In this case Mr & Mrs Riz (the borrowers) sought to escape a mortgage to Perpetual (the lender) by filing a defence under the Contracts Review Act. Mr Riz gave evidence that he came to Australia from Lebanon in early 1977, his wife in 1981. That he can speak only basic English while his wife only understands some words and phrases. Neither Mr nor Mrs Riz have ever lodged a tax return in Australia. From 1989 to 1995, Mr and Mrs Riz owned and operated a business at Newtown, called the Beirut Pizza Shop. During that period, they applied for and obtained Centrelink Family Assistance benefits, and they continued to receive Centrelink benefits at least until the events in 2001. The Judge noted:
“I do not accept .. the deficiencies in their evidence can be .. benignly explained.
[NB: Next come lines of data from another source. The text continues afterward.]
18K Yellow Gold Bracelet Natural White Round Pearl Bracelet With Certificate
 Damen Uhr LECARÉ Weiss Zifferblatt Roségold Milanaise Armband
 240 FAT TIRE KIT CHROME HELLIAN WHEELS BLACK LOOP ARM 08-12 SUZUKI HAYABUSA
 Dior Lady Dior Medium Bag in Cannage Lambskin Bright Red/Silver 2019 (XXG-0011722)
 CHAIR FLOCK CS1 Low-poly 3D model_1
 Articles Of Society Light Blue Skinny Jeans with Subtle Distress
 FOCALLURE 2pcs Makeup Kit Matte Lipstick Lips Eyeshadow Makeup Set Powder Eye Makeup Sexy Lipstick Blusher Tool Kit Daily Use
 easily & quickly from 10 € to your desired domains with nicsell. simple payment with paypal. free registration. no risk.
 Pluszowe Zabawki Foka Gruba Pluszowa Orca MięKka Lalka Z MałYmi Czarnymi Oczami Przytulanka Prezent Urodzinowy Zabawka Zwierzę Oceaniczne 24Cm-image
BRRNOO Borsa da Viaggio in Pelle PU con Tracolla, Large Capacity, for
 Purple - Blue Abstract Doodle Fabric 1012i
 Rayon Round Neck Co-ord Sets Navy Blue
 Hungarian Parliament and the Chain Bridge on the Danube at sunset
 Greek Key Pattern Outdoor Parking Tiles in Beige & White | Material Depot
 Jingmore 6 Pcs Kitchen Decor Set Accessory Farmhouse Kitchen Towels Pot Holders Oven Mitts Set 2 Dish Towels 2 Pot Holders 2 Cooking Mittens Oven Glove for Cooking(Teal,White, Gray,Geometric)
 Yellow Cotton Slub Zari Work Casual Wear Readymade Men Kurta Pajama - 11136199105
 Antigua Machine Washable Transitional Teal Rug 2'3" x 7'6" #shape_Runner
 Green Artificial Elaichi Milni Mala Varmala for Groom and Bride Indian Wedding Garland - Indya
They appeared very guarded, particularly in respect of their financial resources and the status of their relationship (including whether or not they were separated). Given the rate at which they reduced the Citibank mortgage, .. that they had six children to support, the funds available to them from time to time for a deposit on their home and other expenditures, including overseas travel, I am confident that they must have had sources of income that they have not disclosed, and which would have disqualified them from unemployment benefits and required lodgement of tax returns.”
The court denied relief under the Contracts Review Act finding that the assertion the borrower’s were “simple folk” was not made out, likewise the assertion that they could not afford the payments was not made out. The court also rejected the submission that the lender’s failure to ensure the borrowers were independently financially made it an unjust contract.